Weekly jobless claims of 1.314 million probably won’t be enough to move the needle too much. That number was slightly below analysts’ average estimate and down from a revised 1.43 million a week ago, which is definitely going in the right direction. However, the drop wasn’t too dramatic. Anything above 1 million a week was basically uncharted territory before this year.

With yesterday’s gains, the market’s risen six of the last seven sessions, and the NASDAQ Composite logged its 25th record close of the year. Not too shabby, especially when you consider the gains come along with daily jumps in virus cases across the country to all-time highs. This divergence is nothing new, and neither is asking if it can last. The answer? No one knows, because the virus is so out of anyone’s experience following the market.

We have an earnings sighting this morning. Dow Jones Industrial Average component Walgreens Boots Alliance Inc (NASDAQ:WBA) reported a quarterly loss as prescription-filling lost ground. Shares dropped more than 3% in pre-market trading. Earnings per share came up short of analysts’ expectations while revenue was slightly above.
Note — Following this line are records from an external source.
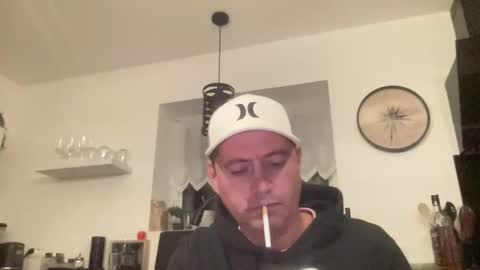 Snapshot of guil0 chatting on September 21, 2025, 5:31 am guil0 online show from September 21, 2025, 5:31 am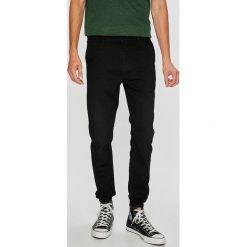 Only & Sons - Spodnie Chino. Czarne chinosy męskie marki Only & Sons, z elastanu. W wyprzedaży za 119,90 zł.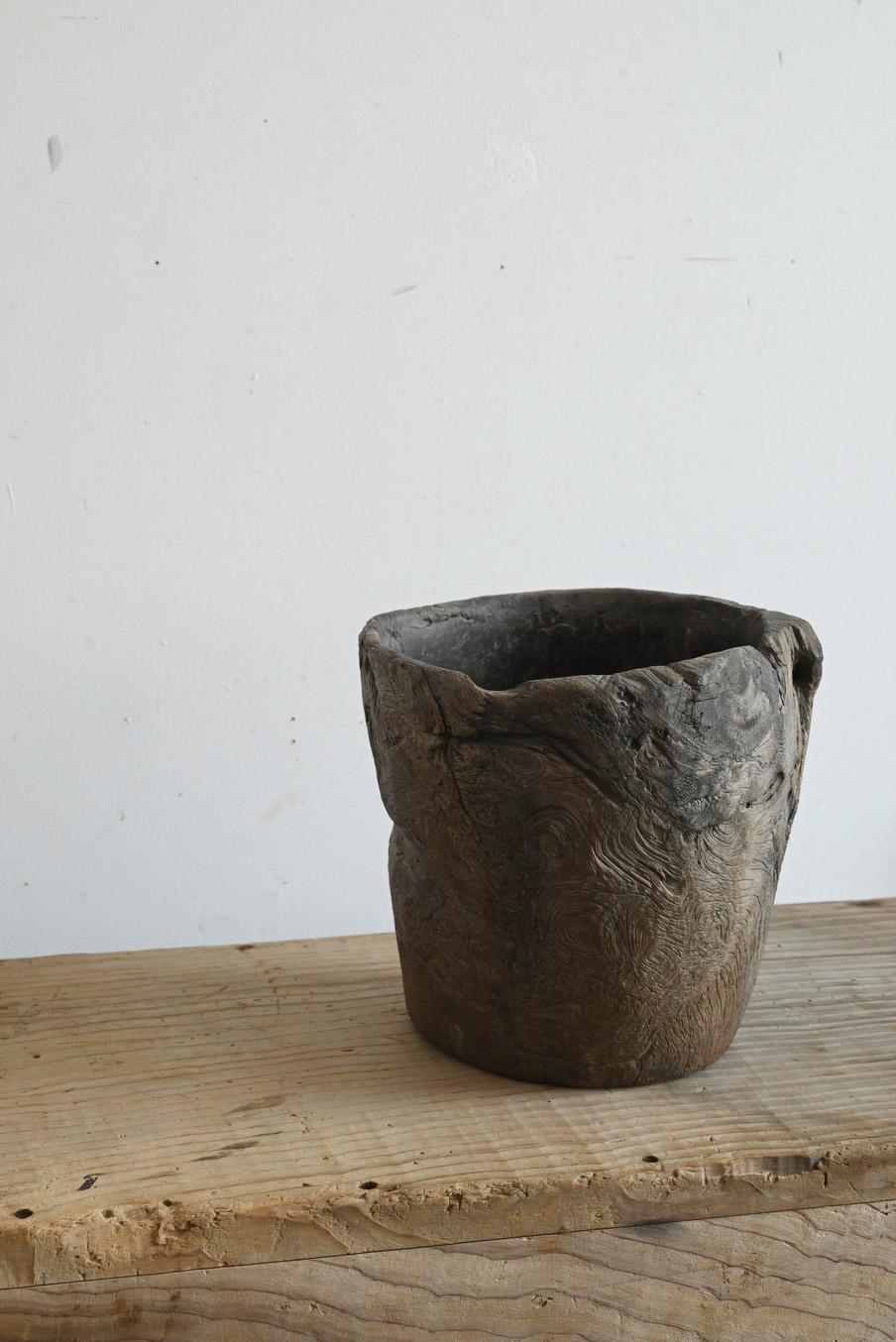 Seau asiatique ancien en bois/début du 20e siècle/vase à fleurs ciselé Bon état - En vente à Sammu-shi, Chiba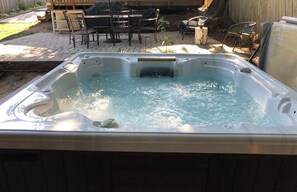 Outdoor spa tub - Perch - Brygger Cottage: Magnolia rambler & pet-friendly (Seattle)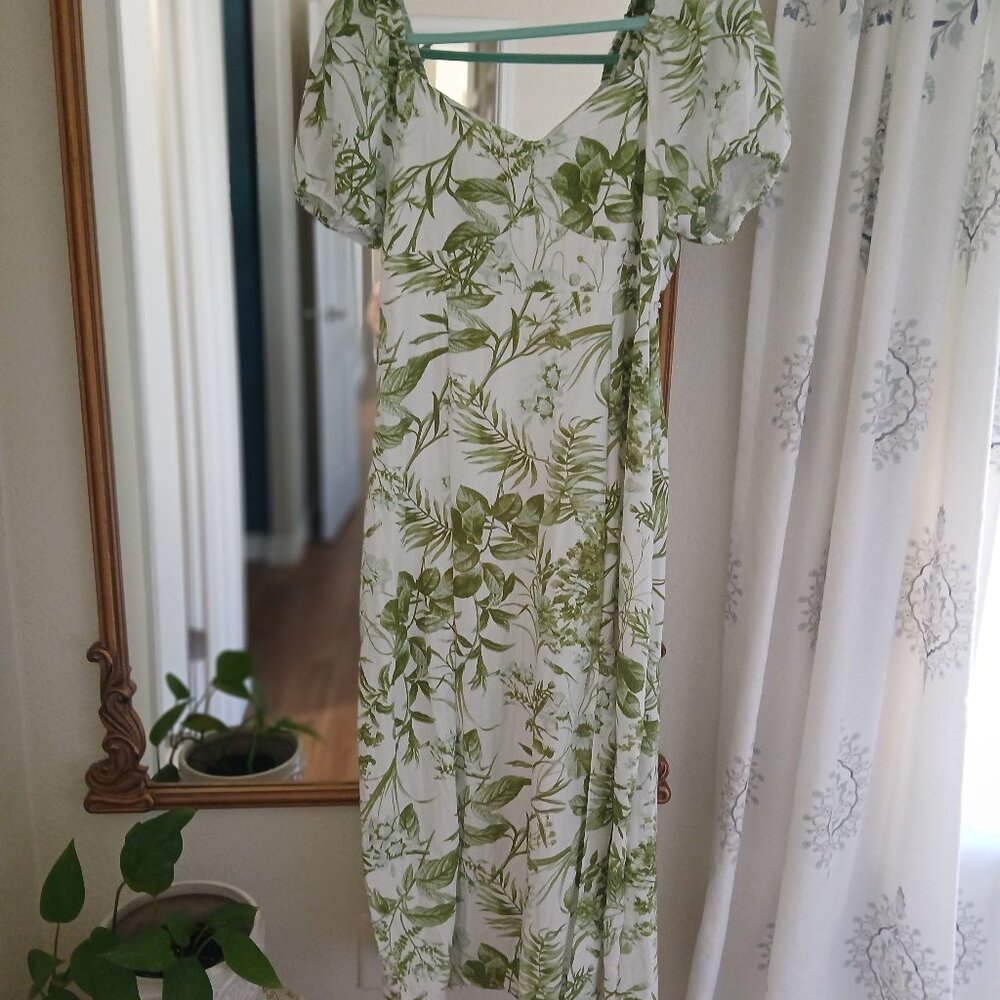 CLOSET CLOSED  Beautiful NWOT Sweet Wanderer Maxi Dress Size L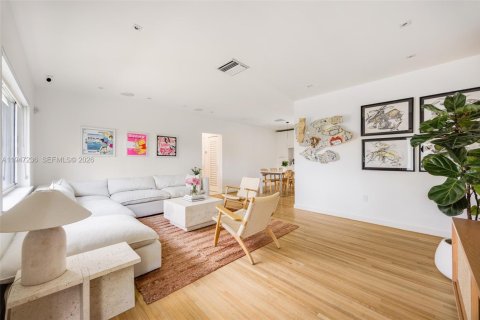 Villa ou maison à vendre à Miami, Floride: 3 chambres, 141.12 m2 № 2004785 - photo 6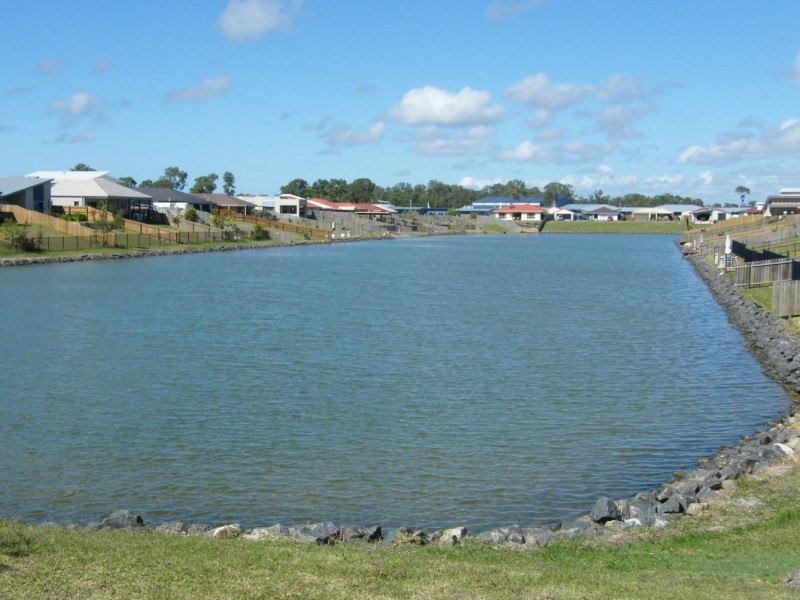 77 Endeavour Way, Eli Waters QLD 4655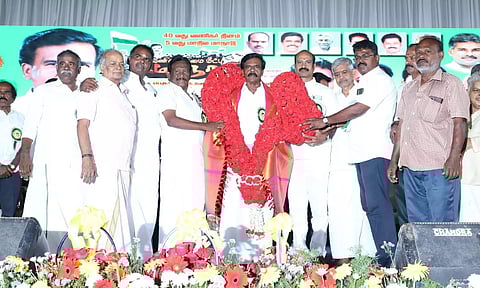 தமிழ்நாடு அனைத்து வணிகர் சங்க பேரமைப்பு மாநில மாநாடு- கொளத்தூர் ரவி தலைமையில் நடந்தது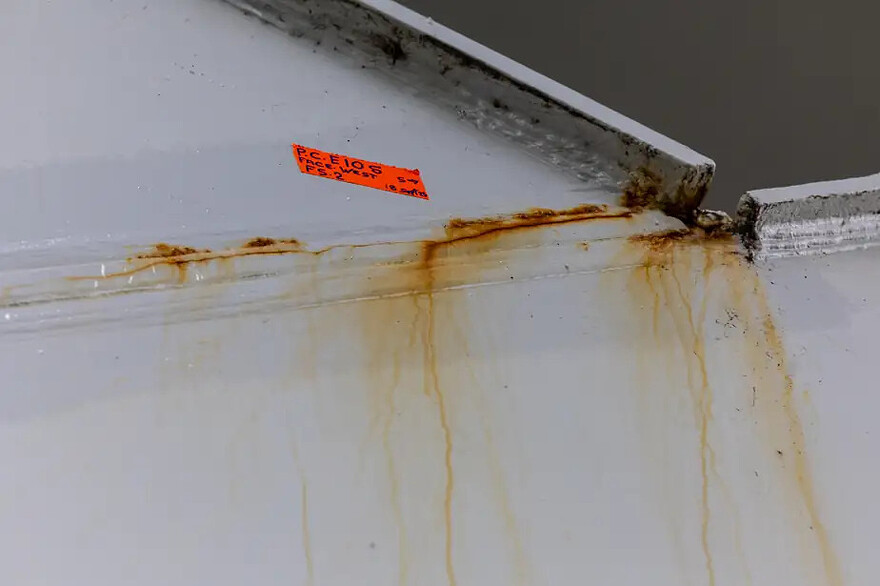 PHOTO MARTIN TREMBLAY, LA PRESSE – Lors de la construction, le scellant appliqué aux centaines de joints des chevêtres qui supportent les tabliers routiers n’est pas étanche. Le produit se fissure et l’eau peut s’infiltrer.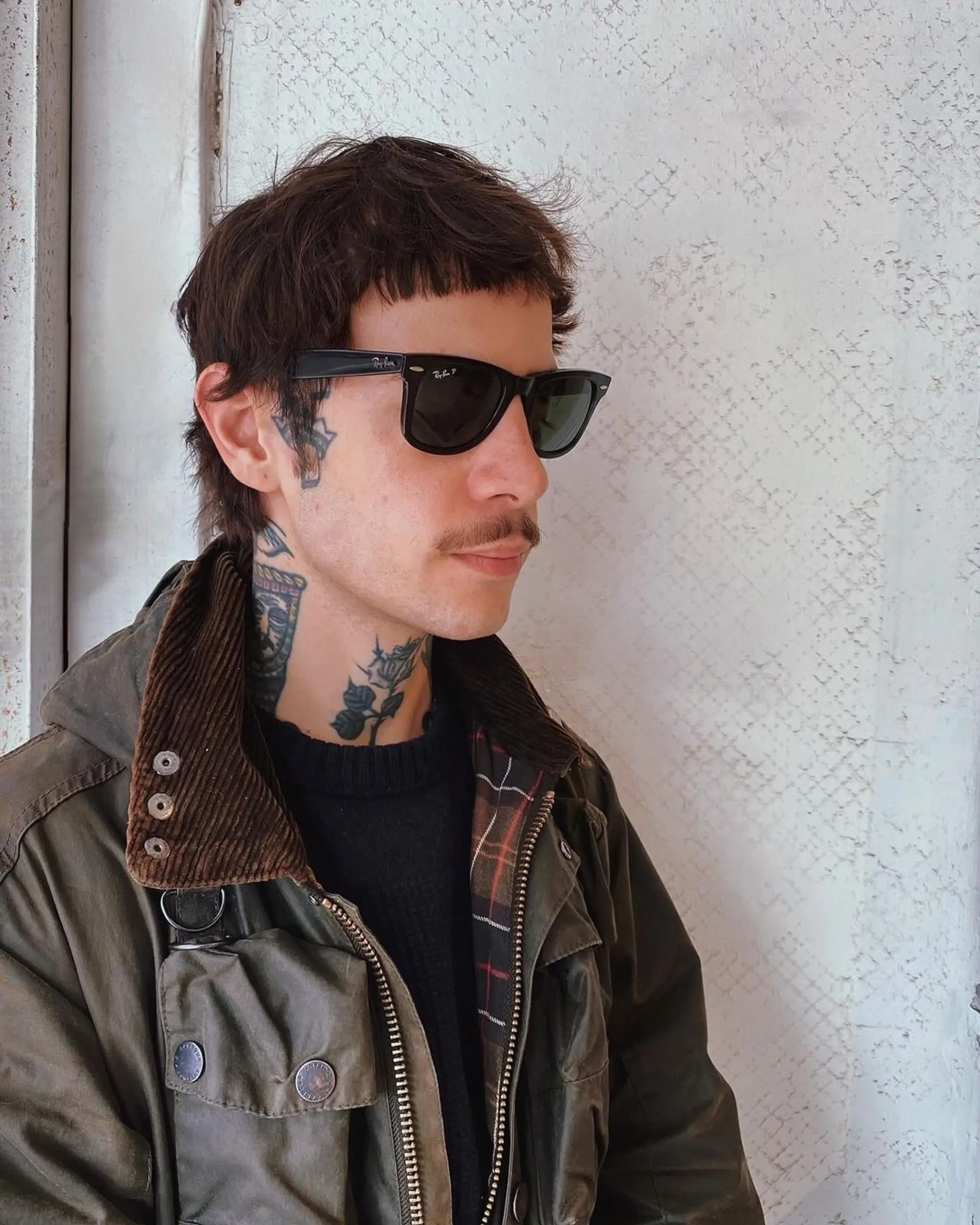 A textured, short chop with a messy fringe and layered sides, embodying a casual yet edgy vibe. 1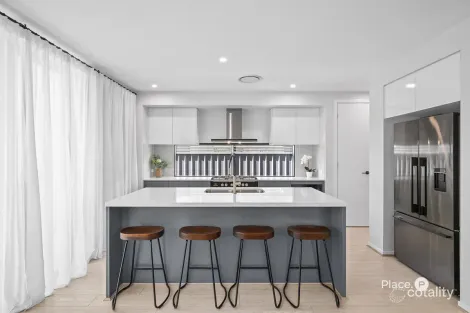 Property photo of 23 Bondi Street Newport QLD 4020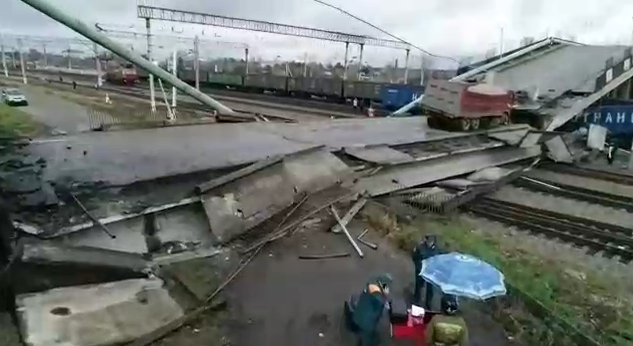 Два поезда встали на Транссибе из-за обрушения моста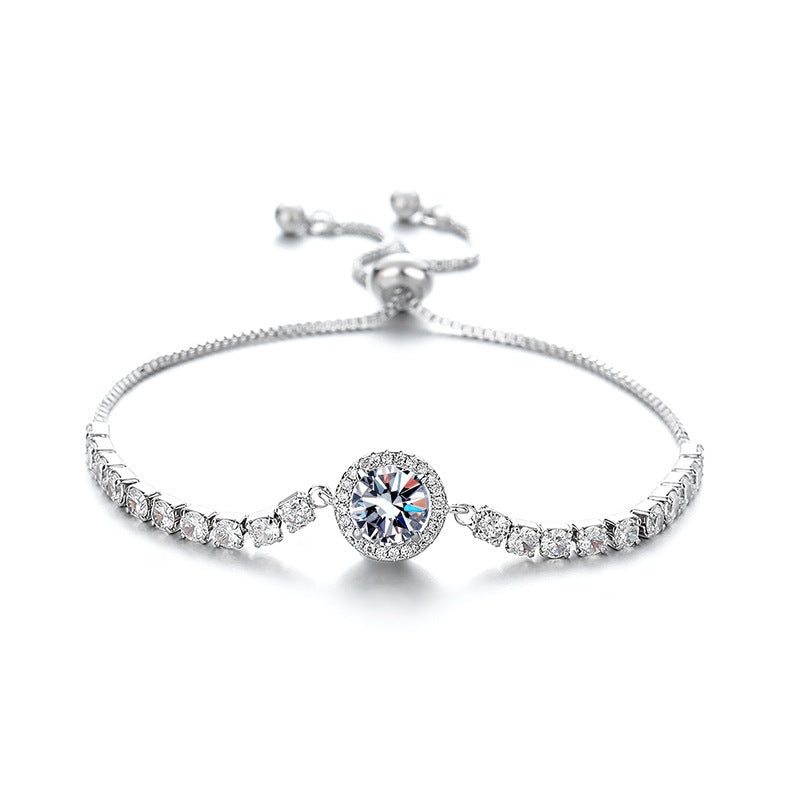 Personalized and versatile minimalist bracelet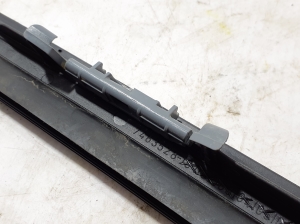 BMW X5 G05 (2018–2026) Windshield pillar outer molding 7463528 - 3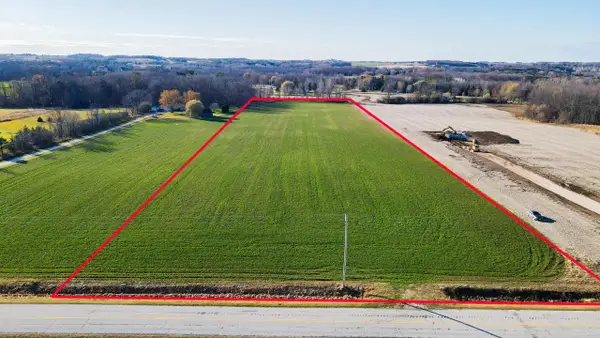 Lt2 CENTURY ROAD, Manitowoc, WI 54220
The Wall Street Journal noted today that the pandemic has been challenging for drugstores, with patients putting off visits to doctors and other health providers. This also could be a challenge for big pharma and medical device companies, and might be reflected in Q2 earnings across that sector.

While drugstores struggled to get traffic, grocery stores continue to pack the aisles. Costco (NASDAQ:COST) reported an 11% rise in June sales, with same-store sales up more than 14%. E-commerce results went through the roof. The Costco numbers looked great. You’d expect same-store sales to be up from a year ago, but that’s pretty amazing and it’s a good story.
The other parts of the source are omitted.